The rise of the static site
The client-side capabilities of modern browsers have made great strides in recent years. We’ve also seen an explosion in PaaS products aimed at replacing functionality which would previously have been delivered via custom backends. It’s become more and more feasible to deliver an app as a static site, where all functionality is implemented via HTML, CSS, client-side javascript and 3rd party APIs, with no custom backend code at all.

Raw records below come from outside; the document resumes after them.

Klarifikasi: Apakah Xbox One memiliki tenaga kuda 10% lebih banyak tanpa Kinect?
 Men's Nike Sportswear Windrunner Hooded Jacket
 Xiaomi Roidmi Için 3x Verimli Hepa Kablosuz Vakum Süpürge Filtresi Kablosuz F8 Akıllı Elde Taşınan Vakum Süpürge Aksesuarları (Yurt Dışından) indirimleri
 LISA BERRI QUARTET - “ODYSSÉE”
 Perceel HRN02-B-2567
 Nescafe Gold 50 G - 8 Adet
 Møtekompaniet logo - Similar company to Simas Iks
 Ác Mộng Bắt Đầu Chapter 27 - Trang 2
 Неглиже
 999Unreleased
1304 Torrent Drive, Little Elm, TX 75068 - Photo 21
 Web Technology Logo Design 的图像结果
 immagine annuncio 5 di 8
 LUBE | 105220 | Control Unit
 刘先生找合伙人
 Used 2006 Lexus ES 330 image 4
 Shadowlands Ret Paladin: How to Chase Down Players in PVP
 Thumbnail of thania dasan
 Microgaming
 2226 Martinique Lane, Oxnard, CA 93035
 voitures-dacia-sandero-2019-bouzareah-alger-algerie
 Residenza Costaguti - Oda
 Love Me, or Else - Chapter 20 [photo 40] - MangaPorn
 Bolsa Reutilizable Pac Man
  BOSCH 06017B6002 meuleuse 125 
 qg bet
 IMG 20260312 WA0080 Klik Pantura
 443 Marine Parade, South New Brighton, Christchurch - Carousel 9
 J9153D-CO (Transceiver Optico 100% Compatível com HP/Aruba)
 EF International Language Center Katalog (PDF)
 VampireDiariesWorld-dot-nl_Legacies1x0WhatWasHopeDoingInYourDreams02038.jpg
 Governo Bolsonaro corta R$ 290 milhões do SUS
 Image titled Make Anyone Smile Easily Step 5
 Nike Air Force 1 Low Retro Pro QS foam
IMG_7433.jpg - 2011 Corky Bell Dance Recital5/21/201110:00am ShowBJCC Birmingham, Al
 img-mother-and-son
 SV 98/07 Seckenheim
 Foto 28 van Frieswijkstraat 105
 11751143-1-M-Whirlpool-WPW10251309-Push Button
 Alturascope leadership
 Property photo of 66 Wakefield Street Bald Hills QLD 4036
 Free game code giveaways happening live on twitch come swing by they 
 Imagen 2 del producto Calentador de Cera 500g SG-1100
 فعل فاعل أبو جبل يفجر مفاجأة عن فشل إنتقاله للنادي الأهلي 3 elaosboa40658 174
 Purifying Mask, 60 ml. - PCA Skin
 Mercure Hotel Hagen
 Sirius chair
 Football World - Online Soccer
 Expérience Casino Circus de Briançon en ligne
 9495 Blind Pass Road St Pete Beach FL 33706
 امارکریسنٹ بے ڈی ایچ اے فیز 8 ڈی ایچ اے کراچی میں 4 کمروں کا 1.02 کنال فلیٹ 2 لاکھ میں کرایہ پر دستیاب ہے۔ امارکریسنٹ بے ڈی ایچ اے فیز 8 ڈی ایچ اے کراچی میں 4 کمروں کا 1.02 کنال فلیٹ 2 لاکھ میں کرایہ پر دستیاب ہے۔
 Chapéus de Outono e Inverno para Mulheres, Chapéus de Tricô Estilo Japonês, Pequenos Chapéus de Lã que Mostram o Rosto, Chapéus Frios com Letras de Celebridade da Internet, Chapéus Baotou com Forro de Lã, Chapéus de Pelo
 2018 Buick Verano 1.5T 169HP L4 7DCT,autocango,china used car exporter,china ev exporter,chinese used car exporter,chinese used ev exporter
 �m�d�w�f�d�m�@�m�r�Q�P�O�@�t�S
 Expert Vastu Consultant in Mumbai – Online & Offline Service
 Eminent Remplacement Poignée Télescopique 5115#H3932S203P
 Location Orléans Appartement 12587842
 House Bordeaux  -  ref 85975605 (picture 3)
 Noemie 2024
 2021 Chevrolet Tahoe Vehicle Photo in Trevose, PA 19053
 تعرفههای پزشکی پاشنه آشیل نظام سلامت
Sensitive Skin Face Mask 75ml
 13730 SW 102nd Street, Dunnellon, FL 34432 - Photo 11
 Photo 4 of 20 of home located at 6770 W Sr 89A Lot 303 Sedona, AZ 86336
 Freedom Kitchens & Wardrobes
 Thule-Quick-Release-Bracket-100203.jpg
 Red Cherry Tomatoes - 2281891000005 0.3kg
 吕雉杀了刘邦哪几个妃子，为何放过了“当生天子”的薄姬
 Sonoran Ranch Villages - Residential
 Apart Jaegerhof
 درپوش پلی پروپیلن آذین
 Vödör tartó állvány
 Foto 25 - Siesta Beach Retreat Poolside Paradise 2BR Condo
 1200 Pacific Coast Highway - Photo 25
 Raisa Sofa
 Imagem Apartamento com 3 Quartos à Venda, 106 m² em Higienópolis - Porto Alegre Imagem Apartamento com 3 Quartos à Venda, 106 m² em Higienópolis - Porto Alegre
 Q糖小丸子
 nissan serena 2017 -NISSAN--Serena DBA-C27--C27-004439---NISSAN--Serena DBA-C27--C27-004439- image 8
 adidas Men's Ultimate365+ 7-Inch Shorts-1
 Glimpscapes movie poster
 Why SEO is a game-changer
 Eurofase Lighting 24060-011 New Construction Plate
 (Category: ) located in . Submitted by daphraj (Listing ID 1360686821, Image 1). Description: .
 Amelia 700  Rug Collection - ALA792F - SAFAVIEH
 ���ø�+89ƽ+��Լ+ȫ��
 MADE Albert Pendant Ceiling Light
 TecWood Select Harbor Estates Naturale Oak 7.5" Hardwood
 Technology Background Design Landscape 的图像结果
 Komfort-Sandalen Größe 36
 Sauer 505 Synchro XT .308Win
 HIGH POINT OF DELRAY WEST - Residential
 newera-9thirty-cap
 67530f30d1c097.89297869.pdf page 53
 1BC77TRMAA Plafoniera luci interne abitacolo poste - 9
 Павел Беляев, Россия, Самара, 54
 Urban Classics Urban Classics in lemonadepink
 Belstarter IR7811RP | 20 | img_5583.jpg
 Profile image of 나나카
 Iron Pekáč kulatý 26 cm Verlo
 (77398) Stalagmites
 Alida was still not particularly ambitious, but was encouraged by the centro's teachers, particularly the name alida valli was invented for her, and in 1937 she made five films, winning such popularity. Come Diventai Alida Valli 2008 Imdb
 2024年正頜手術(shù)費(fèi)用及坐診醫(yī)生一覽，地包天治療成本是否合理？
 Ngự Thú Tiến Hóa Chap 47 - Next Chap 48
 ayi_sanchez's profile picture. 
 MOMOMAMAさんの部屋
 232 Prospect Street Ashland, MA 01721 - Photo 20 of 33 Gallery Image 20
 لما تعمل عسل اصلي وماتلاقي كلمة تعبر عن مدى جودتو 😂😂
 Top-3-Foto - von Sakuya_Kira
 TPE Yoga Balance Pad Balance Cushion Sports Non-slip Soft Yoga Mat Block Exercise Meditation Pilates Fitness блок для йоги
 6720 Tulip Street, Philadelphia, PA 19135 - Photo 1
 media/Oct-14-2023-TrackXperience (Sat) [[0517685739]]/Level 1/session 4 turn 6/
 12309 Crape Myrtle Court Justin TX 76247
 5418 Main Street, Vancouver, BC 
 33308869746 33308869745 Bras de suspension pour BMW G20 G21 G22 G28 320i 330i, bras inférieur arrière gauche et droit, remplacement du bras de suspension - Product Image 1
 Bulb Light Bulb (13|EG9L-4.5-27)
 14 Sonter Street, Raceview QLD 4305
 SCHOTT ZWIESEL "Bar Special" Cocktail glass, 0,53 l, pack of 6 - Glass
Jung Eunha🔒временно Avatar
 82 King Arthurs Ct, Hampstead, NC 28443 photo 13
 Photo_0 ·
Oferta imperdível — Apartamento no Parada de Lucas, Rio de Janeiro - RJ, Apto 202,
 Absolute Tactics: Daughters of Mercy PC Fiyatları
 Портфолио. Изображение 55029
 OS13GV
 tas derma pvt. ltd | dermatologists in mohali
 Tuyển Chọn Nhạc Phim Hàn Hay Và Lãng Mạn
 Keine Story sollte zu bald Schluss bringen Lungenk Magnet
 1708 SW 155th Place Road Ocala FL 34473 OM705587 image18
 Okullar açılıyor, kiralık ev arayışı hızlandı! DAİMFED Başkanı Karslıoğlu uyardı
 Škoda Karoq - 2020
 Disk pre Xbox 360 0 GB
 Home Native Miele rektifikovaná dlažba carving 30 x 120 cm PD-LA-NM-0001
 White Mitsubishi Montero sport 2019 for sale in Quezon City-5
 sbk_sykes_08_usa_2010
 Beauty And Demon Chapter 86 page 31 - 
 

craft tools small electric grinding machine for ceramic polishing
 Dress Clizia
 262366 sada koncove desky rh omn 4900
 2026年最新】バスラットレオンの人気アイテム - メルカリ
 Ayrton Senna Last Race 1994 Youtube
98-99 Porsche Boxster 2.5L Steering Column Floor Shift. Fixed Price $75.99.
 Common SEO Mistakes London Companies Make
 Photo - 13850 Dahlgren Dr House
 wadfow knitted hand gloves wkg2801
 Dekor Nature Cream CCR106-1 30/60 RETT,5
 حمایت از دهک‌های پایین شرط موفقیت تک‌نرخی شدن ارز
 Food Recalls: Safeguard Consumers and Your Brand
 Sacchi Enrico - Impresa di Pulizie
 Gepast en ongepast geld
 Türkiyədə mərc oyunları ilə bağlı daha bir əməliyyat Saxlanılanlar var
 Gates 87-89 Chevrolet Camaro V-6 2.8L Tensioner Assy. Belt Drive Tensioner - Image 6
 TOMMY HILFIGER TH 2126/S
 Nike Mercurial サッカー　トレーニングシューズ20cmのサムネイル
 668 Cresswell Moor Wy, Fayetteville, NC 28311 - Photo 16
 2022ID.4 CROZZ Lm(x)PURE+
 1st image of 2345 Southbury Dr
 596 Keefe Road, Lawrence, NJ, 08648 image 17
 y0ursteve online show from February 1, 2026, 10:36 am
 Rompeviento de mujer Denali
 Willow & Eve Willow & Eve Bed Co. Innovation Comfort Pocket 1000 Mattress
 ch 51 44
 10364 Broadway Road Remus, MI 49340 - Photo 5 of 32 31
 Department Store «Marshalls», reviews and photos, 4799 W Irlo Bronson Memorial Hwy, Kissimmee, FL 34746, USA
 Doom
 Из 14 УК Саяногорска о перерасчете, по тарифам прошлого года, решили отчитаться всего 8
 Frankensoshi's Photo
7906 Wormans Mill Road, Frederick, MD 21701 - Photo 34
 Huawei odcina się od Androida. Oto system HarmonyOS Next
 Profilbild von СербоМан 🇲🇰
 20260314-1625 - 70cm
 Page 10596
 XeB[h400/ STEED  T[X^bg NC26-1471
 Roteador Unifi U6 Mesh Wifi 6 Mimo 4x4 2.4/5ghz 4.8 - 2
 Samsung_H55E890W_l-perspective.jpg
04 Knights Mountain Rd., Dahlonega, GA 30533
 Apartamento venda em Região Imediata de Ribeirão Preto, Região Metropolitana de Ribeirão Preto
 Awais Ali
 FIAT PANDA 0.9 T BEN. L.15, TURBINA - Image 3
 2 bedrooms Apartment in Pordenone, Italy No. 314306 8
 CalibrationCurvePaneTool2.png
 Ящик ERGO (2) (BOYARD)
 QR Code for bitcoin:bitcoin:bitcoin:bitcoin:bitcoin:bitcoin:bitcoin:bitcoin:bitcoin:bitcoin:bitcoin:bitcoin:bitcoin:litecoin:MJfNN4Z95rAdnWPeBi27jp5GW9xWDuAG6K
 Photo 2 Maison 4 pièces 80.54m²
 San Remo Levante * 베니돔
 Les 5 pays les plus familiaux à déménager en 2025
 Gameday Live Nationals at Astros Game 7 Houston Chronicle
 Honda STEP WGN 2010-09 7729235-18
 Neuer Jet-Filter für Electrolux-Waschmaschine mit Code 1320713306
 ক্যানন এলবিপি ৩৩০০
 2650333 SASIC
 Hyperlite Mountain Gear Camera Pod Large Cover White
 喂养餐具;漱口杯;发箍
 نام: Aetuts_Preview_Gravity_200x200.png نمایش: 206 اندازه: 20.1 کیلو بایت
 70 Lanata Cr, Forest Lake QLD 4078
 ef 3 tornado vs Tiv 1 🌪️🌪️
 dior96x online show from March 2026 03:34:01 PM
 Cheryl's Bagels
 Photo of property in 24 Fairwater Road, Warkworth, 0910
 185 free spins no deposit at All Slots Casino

This provides a very attractive option for building out an application without the operational complexity of deploying and managing server-side infrastructure. There are less moving parts, and operational worries become Someone Else’s Problem when you’re delivering your static site using something like Amazon S3.
Change management for static sites
With these modern capabilities, client-side apps have evolved from a set of simple static HTML pages into sophisticated single page web apps. However, change management for these static sites has not evolved at the same pace. Deploying a production change is often still done in a very unstructured way. Perhaps with a developer running through a set of manual build steps and then pushing some artifacts directly to a production S3 bucket. These type of ad-hoc processes might make sense for deploying a simple change to some static content, but for a full-fledged app they are problematic. Any production change involves manual work from one of a small set of “experts” who are able to perform the correct incantation of processes. Code changes are not always robustly tested and not always consistently applied. There’s usually no way of knowing what’s been deployed into a given environment, or when it was done so.
The case for Continuous Delivery
A decade or so ago this situation was the norm for software deployment generally. What changed in the deployment of backend systems was a move towards Continuous Delivery practices. A strong focus on automation along with the formalization of a delivery pipeline helped to solve a lot of these issues for backend code. The same ideas can be easily applied to static sites.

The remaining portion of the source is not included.